* [WORK TASK]
Every record that follows must be set down word for word.

* * * *

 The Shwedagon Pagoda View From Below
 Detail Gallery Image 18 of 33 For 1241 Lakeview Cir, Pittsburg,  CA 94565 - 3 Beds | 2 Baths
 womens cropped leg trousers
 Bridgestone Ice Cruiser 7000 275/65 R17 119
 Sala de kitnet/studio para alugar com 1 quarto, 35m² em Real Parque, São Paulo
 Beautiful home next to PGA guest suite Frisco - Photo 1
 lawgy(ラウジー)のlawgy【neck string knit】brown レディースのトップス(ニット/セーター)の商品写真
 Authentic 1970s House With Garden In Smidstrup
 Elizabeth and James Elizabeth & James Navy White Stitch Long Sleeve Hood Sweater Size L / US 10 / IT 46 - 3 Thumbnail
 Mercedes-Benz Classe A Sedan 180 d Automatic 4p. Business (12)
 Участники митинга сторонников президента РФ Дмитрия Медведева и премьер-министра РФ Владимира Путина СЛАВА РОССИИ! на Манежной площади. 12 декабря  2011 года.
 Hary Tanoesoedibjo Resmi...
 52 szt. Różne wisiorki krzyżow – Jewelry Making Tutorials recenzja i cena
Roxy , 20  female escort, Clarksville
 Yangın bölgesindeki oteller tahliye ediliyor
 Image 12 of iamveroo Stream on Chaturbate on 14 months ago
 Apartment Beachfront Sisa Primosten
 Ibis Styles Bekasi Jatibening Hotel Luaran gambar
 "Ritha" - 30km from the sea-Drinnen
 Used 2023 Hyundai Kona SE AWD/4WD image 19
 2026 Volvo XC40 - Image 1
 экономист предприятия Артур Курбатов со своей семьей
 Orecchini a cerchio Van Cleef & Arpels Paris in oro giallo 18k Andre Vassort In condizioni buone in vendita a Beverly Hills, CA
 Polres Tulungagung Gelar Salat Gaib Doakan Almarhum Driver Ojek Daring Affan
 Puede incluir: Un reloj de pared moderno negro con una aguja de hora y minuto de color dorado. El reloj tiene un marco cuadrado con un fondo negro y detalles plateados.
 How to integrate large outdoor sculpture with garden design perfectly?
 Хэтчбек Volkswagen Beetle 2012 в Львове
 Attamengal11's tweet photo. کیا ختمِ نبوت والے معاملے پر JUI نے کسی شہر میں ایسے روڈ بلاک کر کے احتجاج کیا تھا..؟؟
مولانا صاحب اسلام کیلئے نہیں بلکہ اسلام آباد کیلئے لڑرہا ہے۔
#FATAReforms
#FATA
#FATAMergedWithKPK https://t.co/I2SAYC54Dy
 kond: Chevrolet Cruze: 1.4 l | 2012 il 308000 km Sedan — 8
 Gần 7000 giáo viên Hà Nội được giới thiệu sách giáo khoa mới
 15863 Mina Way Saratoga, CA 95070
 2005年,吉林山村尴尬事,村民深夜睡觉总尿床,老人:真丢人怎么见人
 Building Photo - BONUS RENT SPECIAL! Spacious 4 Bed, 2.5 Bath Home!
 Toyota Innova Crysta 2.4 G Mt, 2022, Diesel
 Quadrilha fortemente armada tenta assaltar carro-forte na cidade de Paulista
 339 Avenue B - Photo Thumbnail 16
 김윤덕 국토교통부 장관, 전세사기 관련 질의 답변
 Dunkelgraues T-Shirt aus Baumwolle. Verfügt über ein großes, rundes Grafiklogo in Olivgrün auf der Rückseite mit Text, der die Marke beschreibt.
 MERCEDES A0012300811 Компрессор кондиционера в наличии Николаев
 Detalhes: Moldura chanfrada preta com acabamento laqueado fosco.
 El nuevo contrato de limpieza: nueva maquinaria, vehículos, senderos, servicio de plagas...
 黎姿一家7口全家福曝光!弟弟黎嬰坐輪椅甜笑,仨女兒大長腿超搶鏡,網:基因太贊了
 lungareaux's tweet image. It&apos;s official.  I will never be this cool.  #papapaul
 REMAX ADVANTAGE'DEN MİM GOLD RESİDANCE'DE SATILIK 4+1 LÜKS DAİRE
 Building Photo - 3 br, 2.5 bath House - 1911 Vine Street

* * * *

* [FINISHED EXERCISE]
 The Shwedagon Pagoda View From Below
 Detail Gallery Image 18 of 33 For 1241 Lakeview Cir, Pittsburg,  CA 94565 - 3 Beds | 2 Baths
 womens cropped leg trousers
 Bridgestone Ice Cruiser 7000 275/65 R17 119
 Sala de kitnet/studio para alugar com 1 quarto, 35m² em Real Parque, São Paulo
 Beautiful home next to PGA guest suite Frisco - Photo 1
 lawgy(ラウジー)のlawgy【neck string knit】brown レディースのトップス(ニット/セーター)の商品写真
 Authentic 1970s House With Garden In Smidstrup
 Elizabeth and James Elizabeth & James Navy White Stitch Long Sleeve Hood Sweater Size L / US 10 / IT 46 - 3 Thumbnail
 Mercedes-Benz Classe A Sedan 180 d Automatic 4p. Business (12)
 Участники митинга сторонников президента РФ Дмитрия Медведева и премьер-министра РФ Владимира Путина СЛАВА РОССИИ! на Манежной площади. 12 декабря  2011 года.
 Hary Tanoesoedibjo Resmi...
 52 szt. Różne wisiorki krzyżow – Jewelry Making Tutorials recenzja i cena
Roxy , 20  female escort, Clarksville
 Yangın bölgesindeki oteller tahliye ediliyor
 Image 12 of iamveroo Stream on Chaturbate on 14 months ago
 Apartment Beachfront Sisa Primosten
 Ibis Styles Bekasi Jatibening Hotel Luaran gambar
 "Ritha" - 30km from the sea-Drinnen
 Used 2023 Hyundai Kona SE AWD/4WD image 19
 2026 Volvo XC40 - Image 1
 экономист предприятия Артур Курбатов со своей семьей
 Orecchini a cerchio Van Cleef & Arpels Paris in oro giallo 18k Andre Vassort In condizioni buone in vendita a Beverly Hills, CA
 Polres Tulungagung Gelar Salat Gaib Doakan Almarhum Driver Ojek Daring Affan
 Puede incluir: Un reloj de pared moderno negro con una aguja de hora y minuto de color dorado. El reloj tiene un marco cuadrado con un fondo negro y detalles plateados.
 How to integrate large outdoor sculpture with garden design perfectly?
 Хэтчбек Volkswagen Beetle 2012 в Львове
 Attamengal11's tweet photo. کیا ختمِ نبوت والے معاملے پر JUI نے کسی شہر میں ایسے روڈ بلاک کر کے احتجاج کیا تھا..؟؟
مولانا صاحب اسلام کیلئے نہیں بلکہ اسلام آباد کیلئے لڑرہا ہے۔
#FATAReforms
#FATA
#FATAMergedWithKPK https://t.co/I2SAYC54Dy
 kond: Chevrolet Cruze: 1.4 l | 2012 il 308000 km Sedan — 8
 Gần 7000 giáo viên Hà Nội được giới thiệu sách giáo khoa mới
 15863 Mina Way Saratoga, CA 95070
 2005年,吉林山村尴尬事,村民深夜睡觉总尿床,老人:真丢人怎么见人
 Building Photo - BONUS RENT SPECIAL! Spacious 4 Bed, 2.5 Bath Home!
 Toyota Innova Crysta 2.4 G Mt, 2022, Diesel
 Quadrilha fortemente armada tenta assaltar carro-forte na cidade de Paulista
 339 Avenue B - Photo Thumbnail 16
 김윤덕 국토교통부 장관, 전세사기 관련 질의 답변
 Dunkelgraues T-Shirt aus Baumwolle. Verfügt über ein großes, rundes Grafiklogo in Olivgrün auf der Rückseite mit Text, der die Marke beschreibt.
 MERCEDES A0012300811 Компрессор кондиционера в наличии Николаев
 Detalhes: Moldura chanfrada preta com acabamento laqueado fosco.
 El nuevo contrato de limpieza: nueva maquinaria, vehículos, senderos, servicio de plagas...
 黎姿一家7口全家福曝光!弟弟黎嬰坐輪椅甜笑,仨女兒大長腿超搶鏡,網:基因太贊了
 lungareaux's tweet image. It&apos;s official.  I will never be this cool.  #papapaul
 REMAX ADVANTAGE'DEN MİM GOLD RESİDANCE'DE SATILIK 4+1 LÜKS DAİRE
 Building Photo - 3 br, 2.5 bath House - 1911 Vine Street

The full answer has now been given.